I have rigged hundreds and owned one and There are SO many pros and cons to this boats it hard to sway either way for me! I owned the exact combo mentioned and loved the room, it drafted nothing in the shallows, and beat you down even in the slightest chop!! You can get wet in ANY boat if you are not experienced in it.. I rarely got sprayed in the skiff only in pretty bad weather.. There is ZERO dry storage, but plenty of room for water tight totes.. I wouldnt recommend buying a brand new one cause resale is pretty low.. I bought an 08 in 09 for 16,000 with only 40 hours.. If you have any questons hit me up, i have an the marshes as well as 40 offshore in that boat!!! that 140 will push that boat around 43mph.. A 150 is a beast on that sled!!


----------



## Justin Timberleg (Jun 16, 2009)

Forgot to mention I was the 3rd owner in 50 hours..


----------



## SSST (Jun 9, 2011)

The one i owned was a V-series, looks like this model may keep you a little dryer, and yes boat operation has alot to do with staying dry, the one i had i never found a way, but this may be a whole new beast.


----------



## Bocephus (May 30, 2008)

If your quartering waves with a pretty good side wind....you're gonna get wet. I don't care if your in jon boat, or a $50,000 rig.

And if the waves are big enough you will get pounded no matter what boat you're in...or what style hull it has. 

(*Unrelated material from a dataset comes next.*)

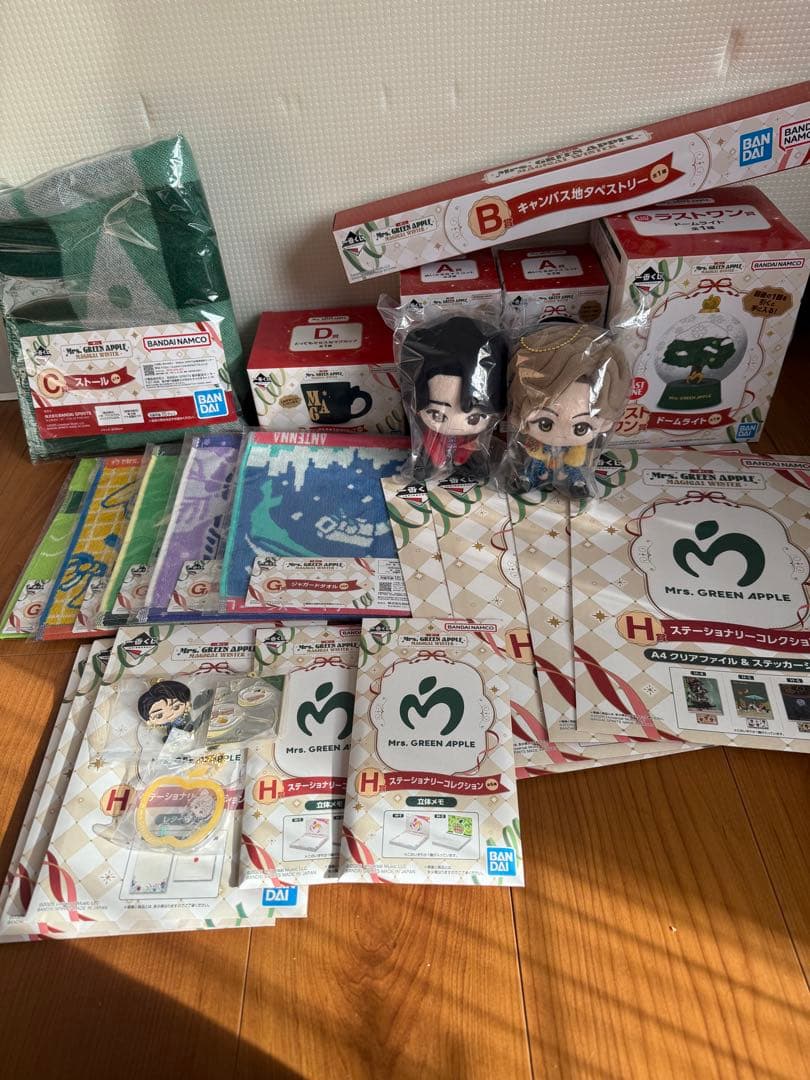 Mrs. GREEN APPLE一番くじ２3点セット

Some of you guys crack me up.....LMAO


----------



## bone (May 28, 2004)

actually mine 238DLV is fairly dry as long as you dont run flat out. it pounds but will not soak the entire crew the minute you leave the dock. we've had it offshore in 2 to 3's and never got a drop. just ran slow, 17-19mph. set up right it'll run on plane easily at that speed no need to touch the throttle. the resale value is something else, i've looked and cant find a 238 used for sale. these boats have a big following, maybe not on this site but others. i think they hold there value well.


----------



## yellowskeeter (Jul 18, 2008)

I had a 16 ft for a long time and even though the ride is a little rough, there was nothing that could hurt the boat. Very simple boat, no frills but then that is what makes this boat interesting. It will take a hell of a beating and for many generations to come. Sometimes simple is better and if that is what you are looking for in a boat then it should work well. I do know that these are heavily used commercially as well so that will tell you something. If you are doing it taking resale in mind, then look somehwere else, even though all boats are taking a horrible hit at this time


----------



## justletmein (Feb 11, 2006)

yellowskeeter said:


> I had a 16 ft for a long time and even though the ride is a little rough, there was nothing that could hurt the boat. Very simple boat, no frills but then that is what makes this boat interesting. It will take a hell of a beating and for many generations to come. Sometimes simple is better and if that is what you are looking for in a boat then it should work well. I do know that these are heavily used commercially as well so that will tell you something. If you are doing it taking resale in mind, then look somehwere else, even though all boats are taking a horrible hit at this time


I'm not all that concerned about resale as I plan to keep this boat for 15+ years until the last kid is gone, only then will I save up and pay cash for something really nice for myself. The only way resale might be important is in case of emergency if I need to unload it quickly.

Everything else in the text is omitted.